_Instructions to follow_. What follows is a set of entries. Repeat them exactly, but not their pictures.

_Input records_.
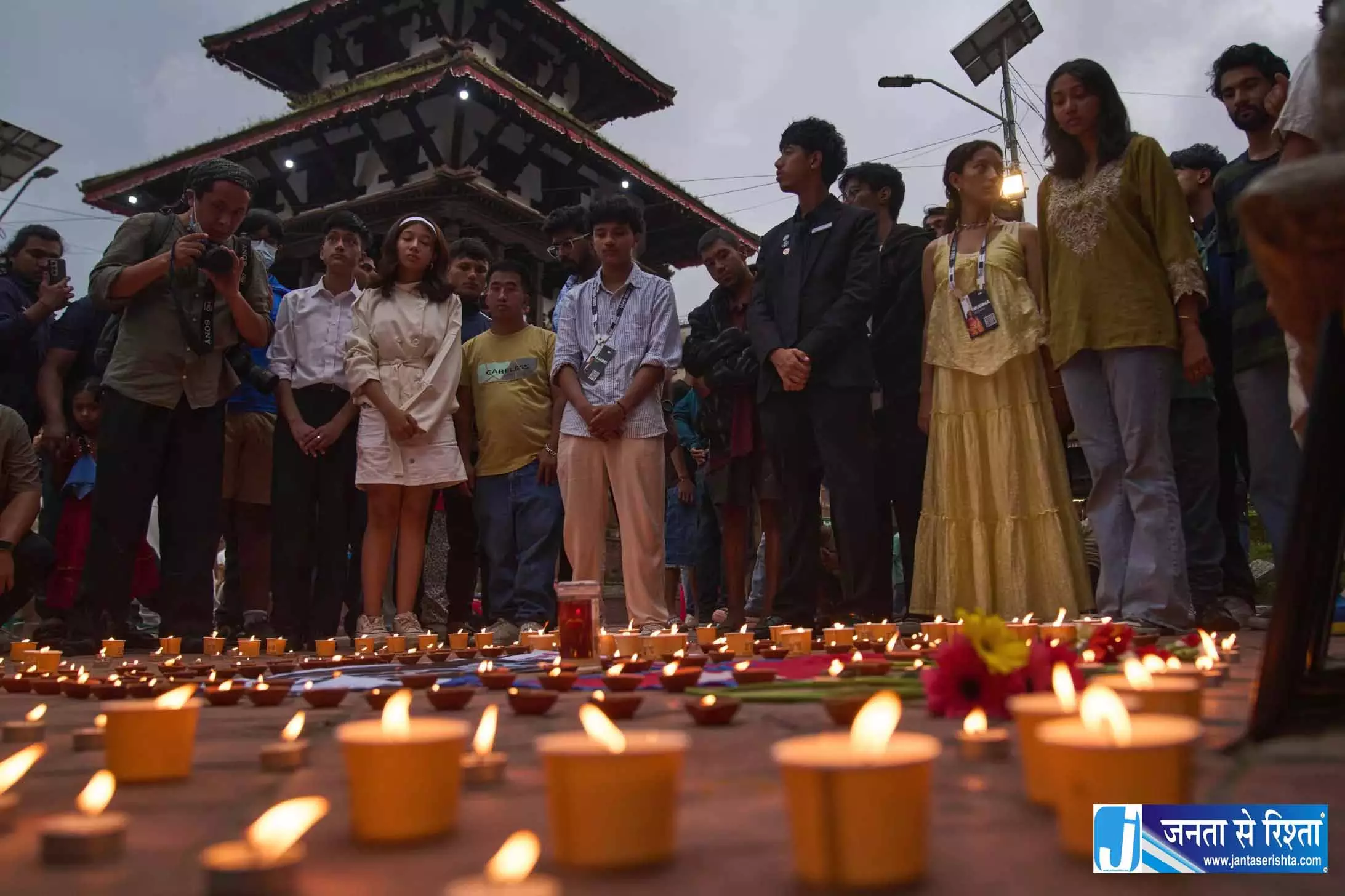 नेपाल में बाढ़ के दौरान लापता हुए पर्यटकों के 23 रिश्तेदारों से DNA सैंपल लिए गए नेपाल में बाढ़ के दौरान लापता हुए पर्यटकों के 23 रिश्तेदारों से DNA सैंपल लिए गए
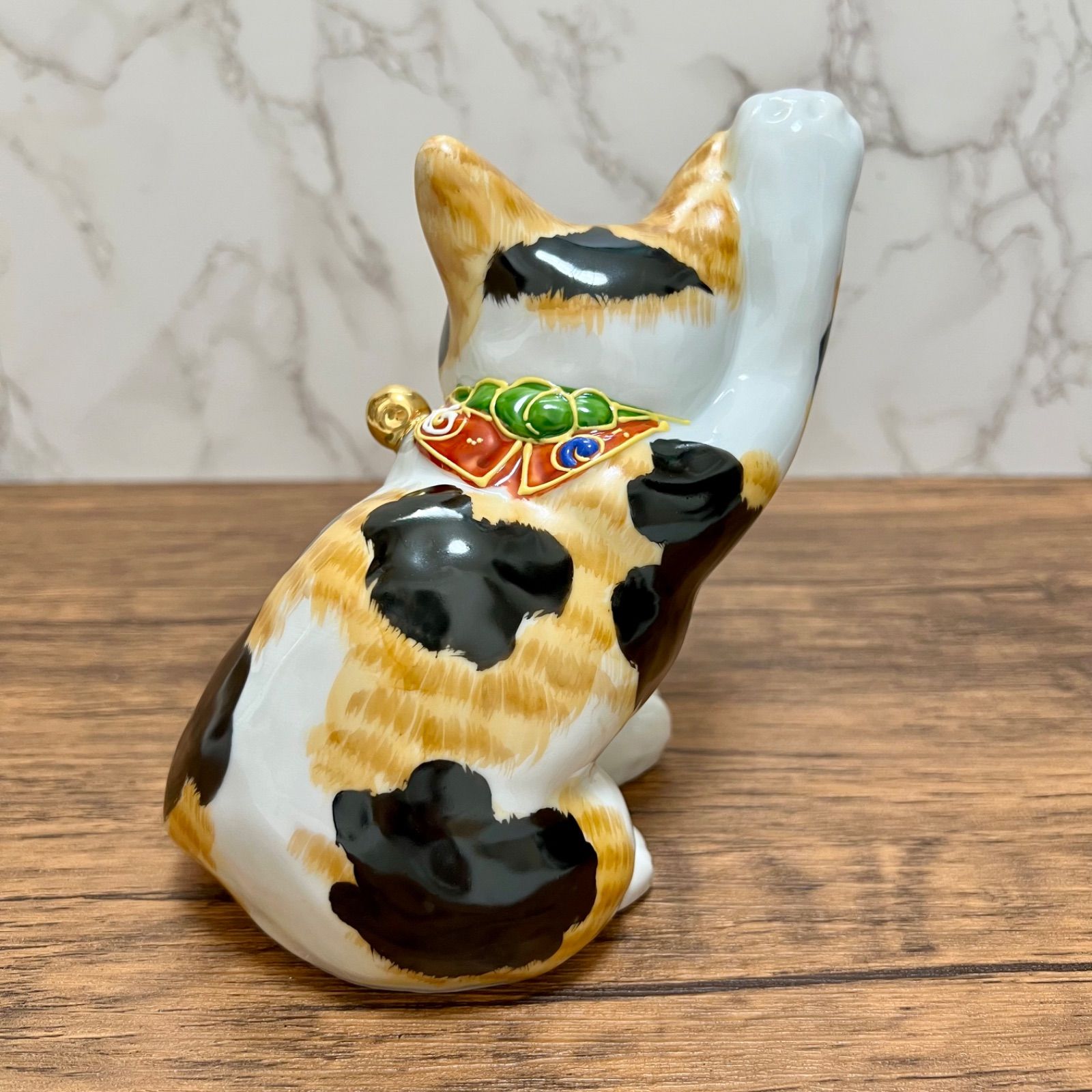 横座り招き猫毛長三毛 5.5号【九谷焼】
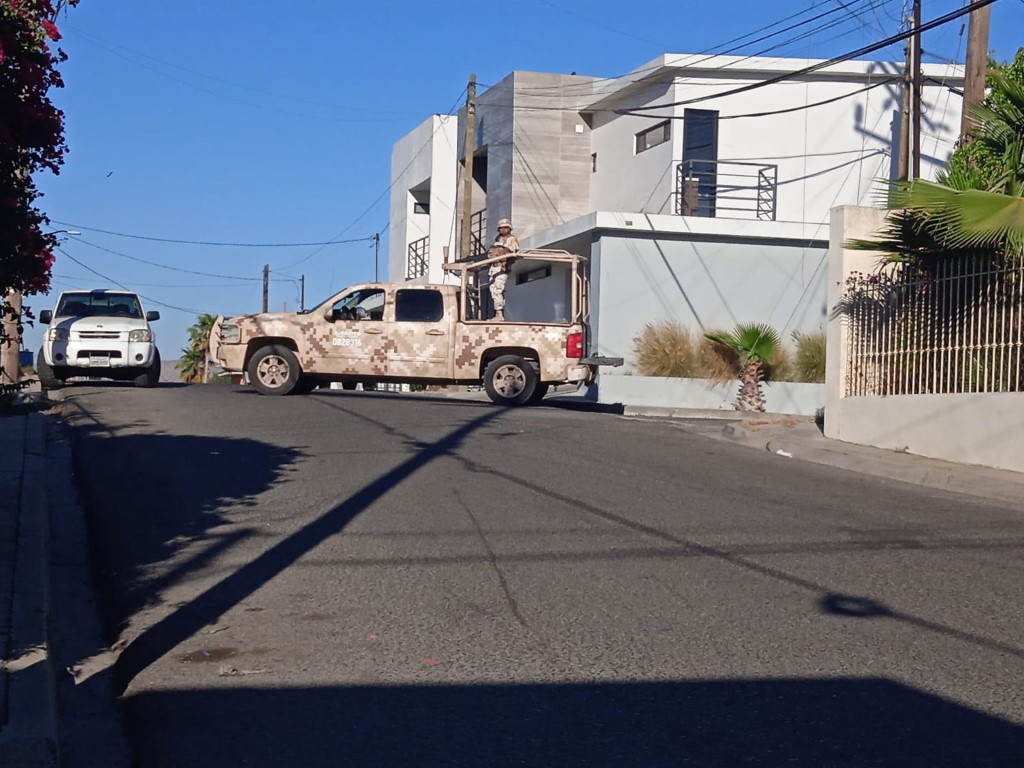EMX-Cerraron vialidad en colonia Downey en Tecate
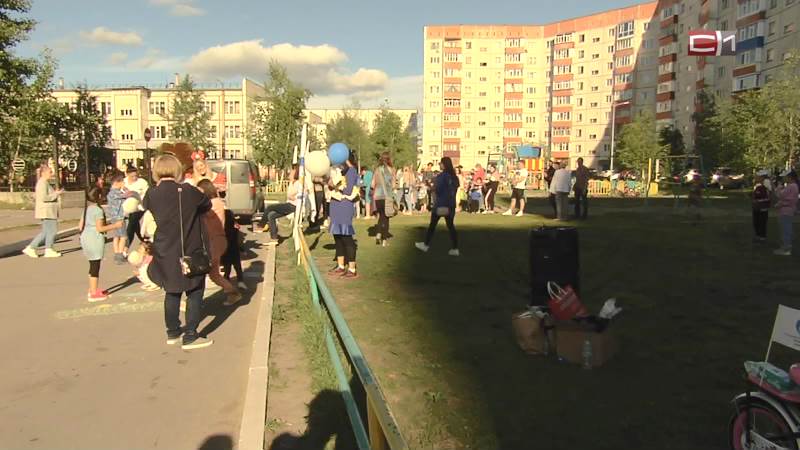 Благотворительный фонд в Сургуте устраивает для детей "праздники во дворе"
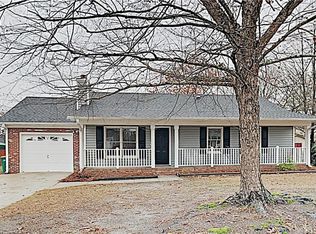 3429 Masters Dr, Hope Mills, NC 28348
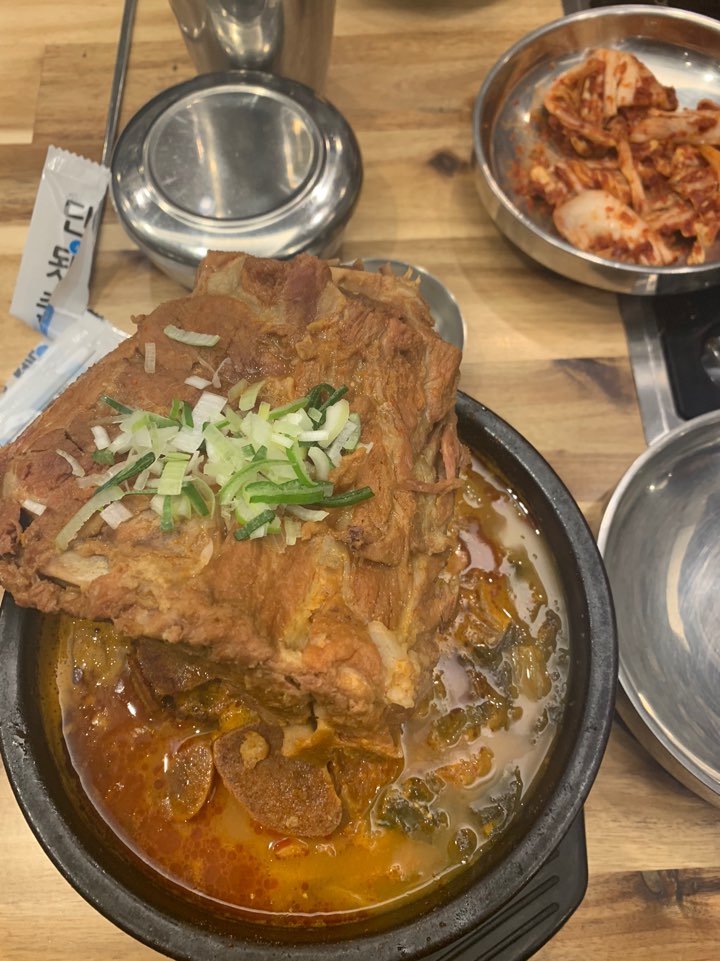 뼈대있는집 이미지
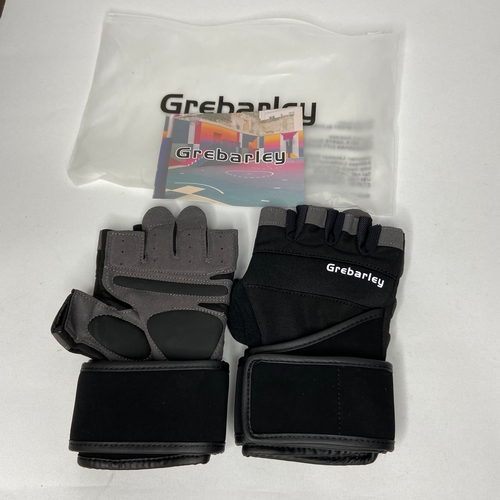 128 - Pair of sports gloves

_Task answer_.
 नेपाल में बाढ़ के दौरान लापता हुए पर्यटकों के 23 रिश्तेदारों से DNA सैंपल लिए गए नेपाल में बाढ़ के दौरान लापता हुए पर्यटकों के 23 रिश्तेदारों से DNA सैंपल लिए गए
 横座り招き猫毛長三毛 5.5号【九谷焼】
EMX-Cerraron vialidad en colonia Downey en Tecate
 Благотворительный фонд в Сургуте устраивает для детей "праздники во дворе"
 3429 Masters Dr, Hope Mills, NC 28348
 뼈대있는집 이미지
 128 - Pair of sports gloves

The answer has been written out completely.